In the exercise, the change in the crate's kinetic energy was calculated to determine the work done to alter its velocity. Initially, the velocity of the crate led to a certain kinetic energy, and the new velocity provided a different energy value. The difference between these two energy values was used to find how much work was needed to achieve this change. This process illustrates the close link between work and kinetic energy, showcasing how work done on an object can change its kinetic energy by altering its velocity.

Velocity Components

Understanding velocity components is essential when dealing with vectors in physics. Velocity is a vector, which means it has both magnitude and direction. When a velocity vector is given, like in our exercise, it's often at an angle, and resolving it into components simplifies the analysis. These components represent movements along the perpendicular axes, typically the x-axis (horizontal) and y-axis (vertical).

For our example exercise, we had to resolve both the initial and final velocities into their respective components. This involved using trigonometric functions: - The sine function was used for calculating the component along the west-east axis. - The cosine function calculated the component along the north-south axis.

This resolution makes it easier to perform calculations such as those required for determining changes in velocity and kinetic energy, as it allows us to work with straight-line components rather than angled vectors. By splitting a velocity into components, we simplify the physics problem substantially.

Vector Resolution

In physics, vector resolution refers to breaking down a vector into its component parts.

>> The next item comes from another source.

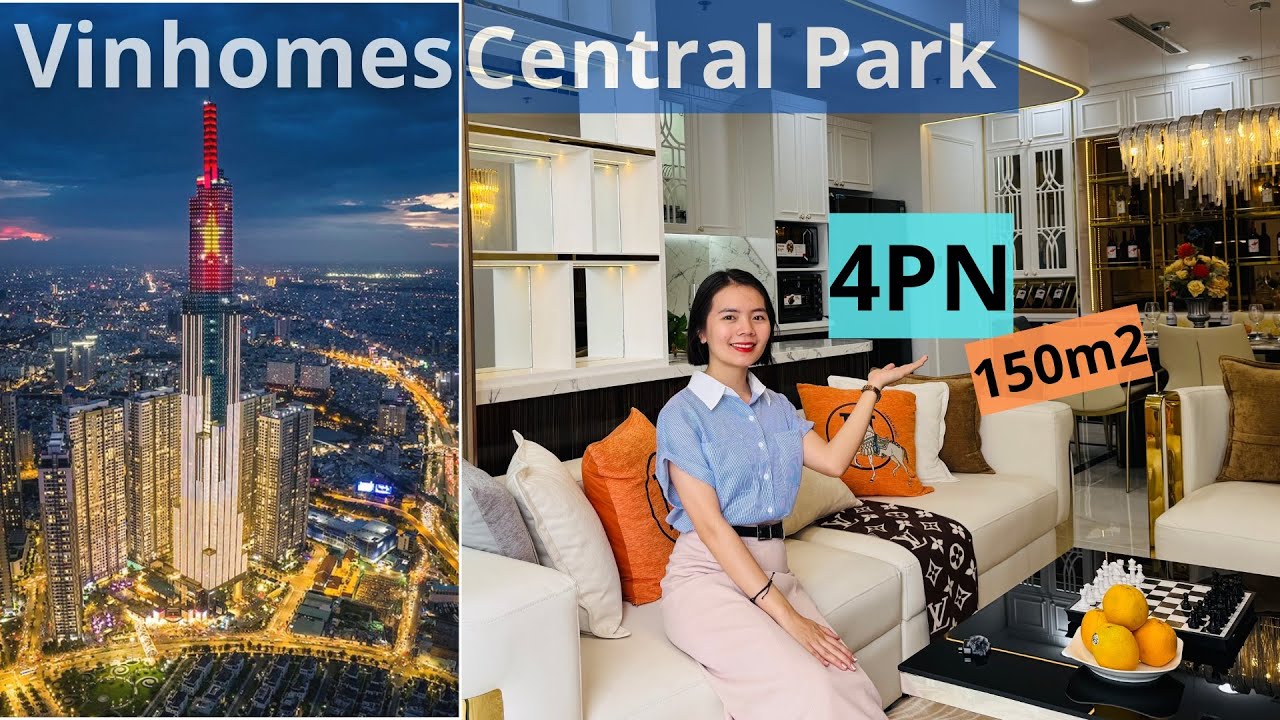 Vinhomes Central Park | Ngỡ Ngàng Trước Căn Hộ 4 Phòng Ngủ 150m2 | Một Vòng Khu Đô Thị  Trong 15p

Any vector, including velocity and force, can be resolved into components. This is especially useful in 2D and 3D motion analyses. By resolving vectors, we can analyze multi-directional movements more easily using orthogonal axes, typically labeled x and y-axes, or even the z-axis for three dimensions.

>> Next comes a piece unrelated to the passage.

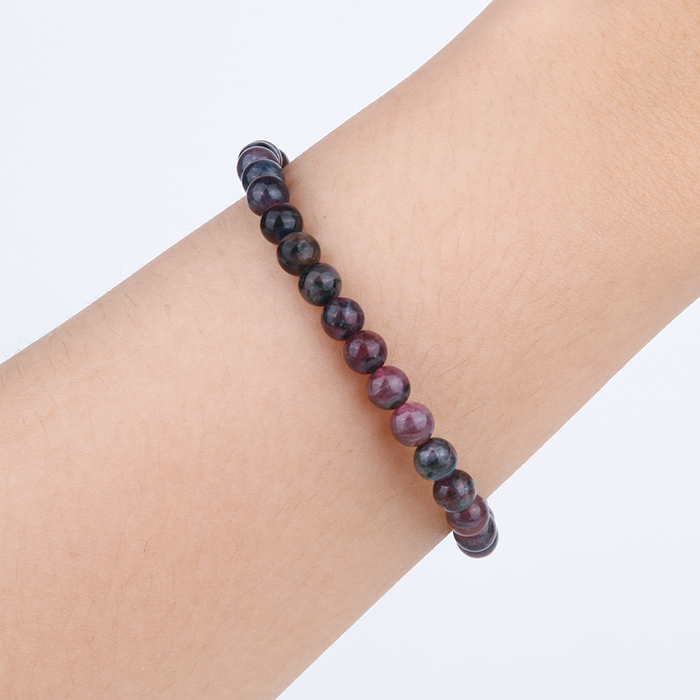 dark purple tourmaline crystal bracele small size crystal bracelet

In the exercise, the process of vector resolution was applied to the velocities given in angled directions. By using trigonometry: - The cosine function helped calculate the aligned component on the horizontal or vertical depending on the vector.- The sine function determined the perpendicular component.

• The x-component is usually \( v_x = v \cos(\theta) \)
• The y-component is usually \( v_y = v \sin(\theta) \)

These components let us precisely find how much of the velocity is aimed along specific directions and facilitate understanding the effect of forces along these pathways. This is crucial when calculating other vector quantities like force and momentum. The resolution of vectors into components is indispensable for systematically solving complex physics problems.